Les médias lui ont accolé très vite le qualificatif de progressiste, mais le mot est piégé, il se rattache à tout un contexte culturel ancien, et s’il signifie quelque chose, il faudrait le définir à frais nouveaux. J’ai même entendu parler d’un pape « libéral ». Le terme est foncièrement ambigu, mais il me paraît impropre. S’il fallait à toutes fins trouver une catégorie pour classer le Pape, j’affirmerais volontiers qu’il fait partie des intransigeants. Intransigeant tel que le cher Émile Poulat le concevait pour la culture catholique issue du XIXe siècle, et qui implique des déclinaisons très différentes. Avec un point commun cependant, l’intransigeance de la foi, le refus de céder aux accommodements idéologiques faciles.
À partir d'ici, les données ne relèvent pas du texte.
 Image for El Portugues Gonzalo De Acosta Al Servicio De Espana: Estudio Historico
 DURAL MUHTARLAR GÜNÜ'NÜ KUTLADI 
À diverses reprises, François a montré sa familiarité avec notre compatriote Léon Bloy. Un fameux intransigeant, que sa franchise amènerait aujourd’hui, tous les jours, au tribunal pour propos très politiquement incorrects. Mais il y a plus encore. Le jésuite Bergoglio est un fervent disciple de saint Ignace de Loyola, dont la spiritualité l’habite jusqu’à la moelle. Attention de ne pas céder aux apparences. Ce serait la meilleure façon de ne rien comprendre à l’énigme du pape François.